Gas Emergency

If you smell gas, think you have a gas leak, or are worried that fumes containing carbon monoxide are escaping from a gas appliance, please call the free Gas Emergency Services emergency line on
0800 111 999

When you dial 0800 111 999, your call will be routed to the Gas Emergency Services call centre.

It doesn’t matter what time of day or night you ring – they have trained operators working round-the-clock to take your call.

Questions you’ll be asked when you call

A call handling agent will log your details. The kind of information you’ll be asked for includes:

  • The address/location of the suspected gas escape or gas emergency
  • How many people are at the property where the smell is most noticeable?
  • How long the smell has been noticeable?
  • Is the smell coming from the cellar/basement?
  • Are any neighbours affected?
  • Your name and phone number
  • Any special circumstances or access information

Accurate address details are very important as they want to make sure they send engineers to exactly the right place. You will be asked to verify these details for this reason. Your address and postcode are particularly important.

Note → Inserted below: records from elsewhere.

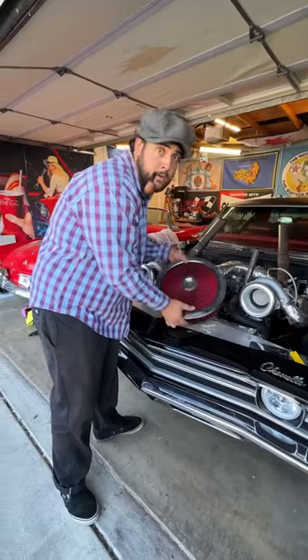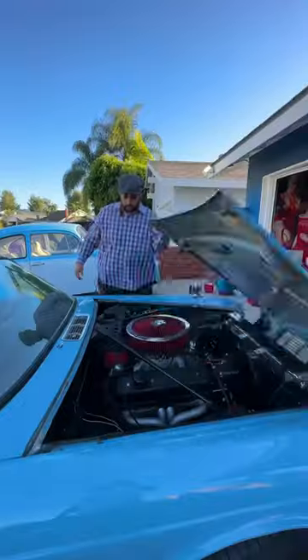Once putting my valve covers back, it was time for the power filter that allows in more air. Turns out, size does matter. Stay tuned.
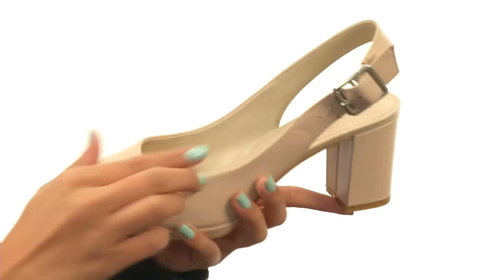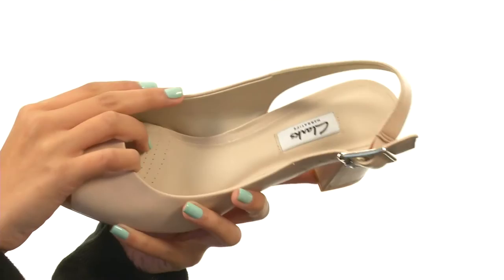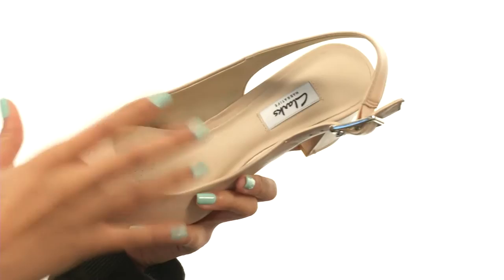This heel is made with leather uppers and also features a slingback strap with an adjustable buckle so that way you are getting the best fit. Our interiors have soft synthetic linings as well as cushion plus technology in the sock so that way you can get a really luxurious feel.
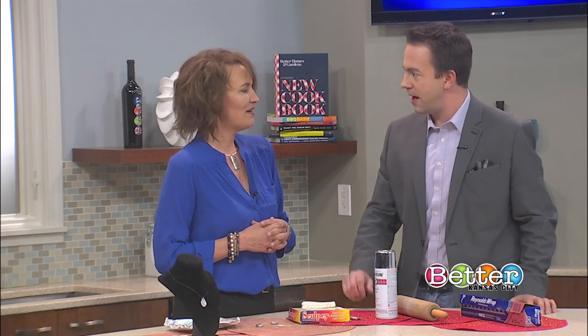Well, Tricia, thank you so much for coming today and sharing this project with us. She's Tricia Sass from Parkville Artisan Studio over in Parkville, Missouri. Belinda, over to you.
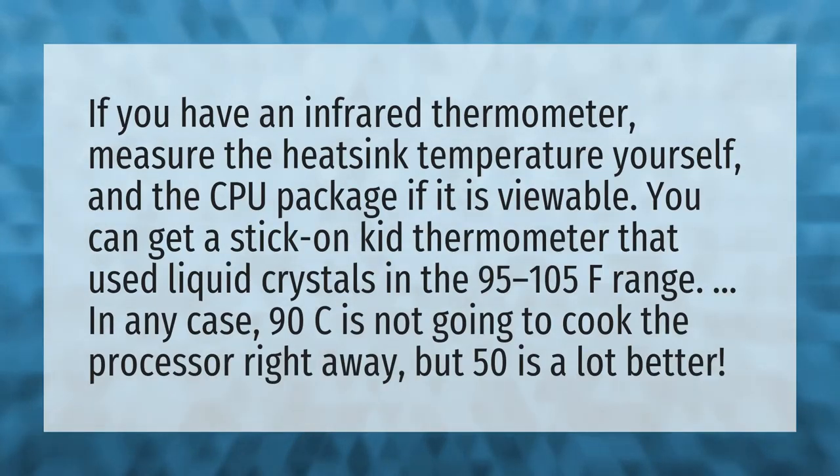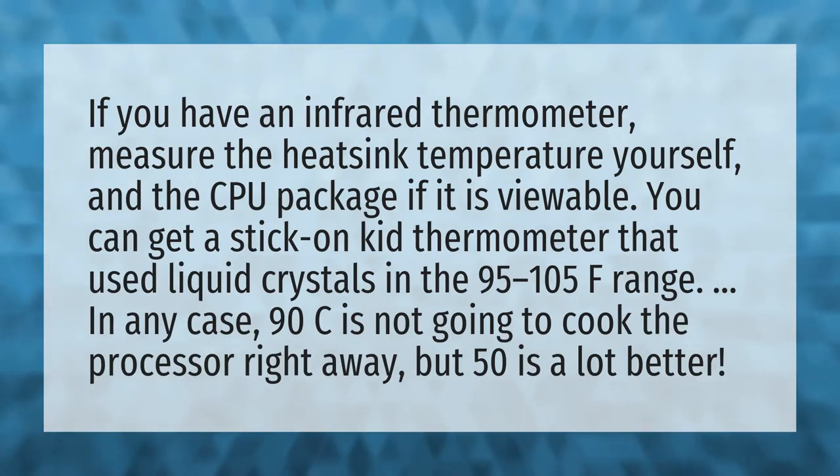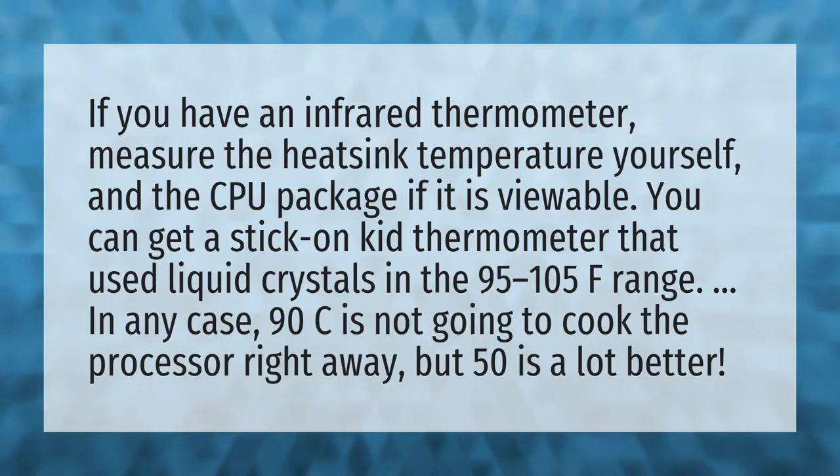If you have an infrared thermometer, measure the heat sink temperature yourself and the CPU package if it is viewable. You can get a stick-on kit thermometer that uses liquid crystals in the 95–105°F range.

You’ll be asked a series of questions designed to help the Gas Emergency Services build a picture of the reported gas escape or gas emergency. From those details, they can identify the right gas safety advice for you – such as:

  • Opening doors and windows
  • Turning the gas off at the meter unless the meter is located in the cellar/basement
  • Avoiding the use of any naked flames or electrical switches

All calls to the National Gas Emergency Service may be recorded and monitored.

Sending an engineer

Once all the information has been gathered, it will be sent to an engineer for action.

How long will you have to wait for an engineer to arrive?

National Grid aims to attend all uncontrolled escapes within one hour, and all controlled escapes within two hours. A controlled gas escape is one where the person reporting it has confirmed that the gas emergency control valve serving the premises has been turned off and the smell of gas has gone. An uncontrolled gas escape covers all others.

Sometimes, engineers will be sent to a leak that has been reported outdoors. Around a quarter of these turn out not to be gas leaks at all. Around 80% of the gas escapes they attend are inside buildings. That means the escape is related to internal pipework, a boiler, gas fire or other gas appliance.

What if the gas leak is indoors?

National Grid engineers will always ‘make safe’ when called to a suspected gas escape. The emergency service provided by National Grid under the terms of its Licence doesn’t cover repairs to appliances or installation pipework which can’t be completed within 30 minutes.

So what do I do next?

Once they have made your property safe, their engineer will explain that any work on appliances (e.g. cookers, boilers or fires) has to be carried out by a Gas Safe registered engineer.